If you have been doing Pilates or attended the Gym and you have engaged in a regular exercise program before your pregnancy, you can continue with this during your 1st trimester, providing you do not have any pathologies and that your physician has confirmed that you may continue with your regular exercise program. Exercise should be mild to moderate; this is not the time to increase the intensity of an exercise program.
However, from the 2nd trimester, you exercise program needs to be adjusted. Here are some of the modifications and exercises to be avoided:
- Lying in a supine position for longer than a minute or two. Lying on the back for an extended period of time can result in obstruction of venous return and decreased cardiac output.
- Exercises need to be modified and no inversion exercises for example, where the legs are over the head or upside down positions are to be entertained.
- Heart rates need to be taken into account so that there is no excessive demands on the cardiovascular system.
- Temperatures exceeding 38 degrees Celsius results in excessive heating of the fetus.
- Exercises that demand a lot of balance should be avoided to prevent injury.
- Movements with forward flexion of the chest for example a chest curl/crunch, should be avoided as this can increase the risk of Diastasis Recti.
What are the benefits to doing Pilates classes while pregnant?
You strengthen your tummy muscles, which equips your body better to cope with all the strains caused by the increased weight of your growing baby.
Pilates helps reduce back pain, by exercising the deepest tummy muscles that stabilise your back and pelvis.
Prenatal Pilates will strengthen your pelvic floor, which will help to support your bowel, bladder and uterus as your baby grows and moves down. Strengthening your pelvic floor will help prevent you from leaking when you couch or sneeze and even laugh. This will also prevent possible damage to the Pelvic floor, which can cause havoc at a later stage.
Helps with balance, you often feel clumsier or off balance during your pregnancy and by doing Pilates you will strengthen your core which can help you be more stable as your baby bump grows.

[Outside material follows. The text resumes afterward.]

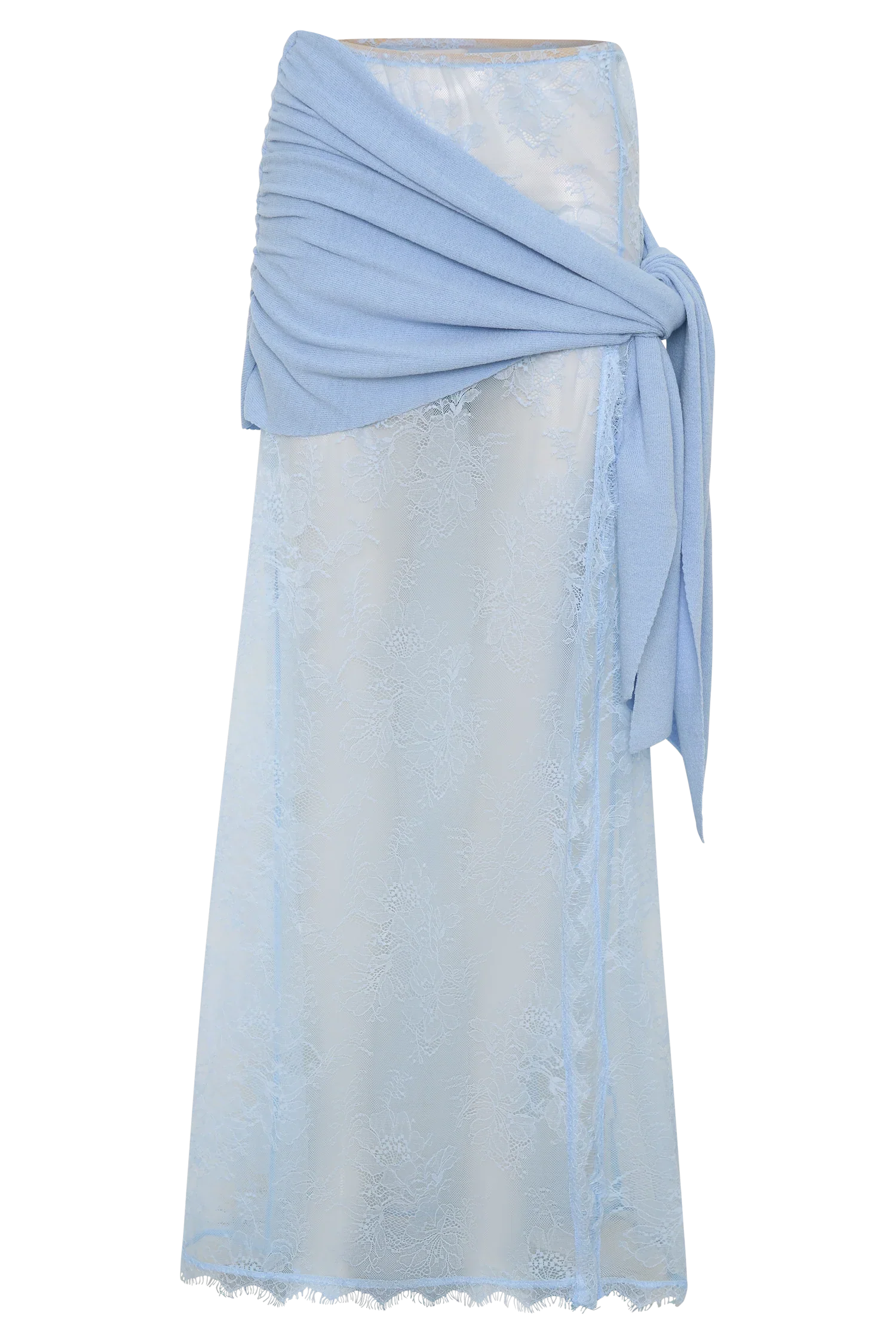 Lucy Lace And Knit Skirt Cornflower Blue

Prenatal Pilates takes the strain off your back and pelvis, by using positions on your hands and knees, this is also a great position during pregnancy it can also help towards the end of the pregnancy get the baby into position for birth.
Pre-natal Pilates classes will help you relax and control your breathing which is important for yourself as well as your baby. It also helps train you for Labor Day.
Pilates promotes good recovery from labour and the birth, giving you the basis to regain your former figure with our post-natal program.
Pilates will assist you in getting through your pregnancy with more ease and will assist you with getting back into shape after the baby’s birth.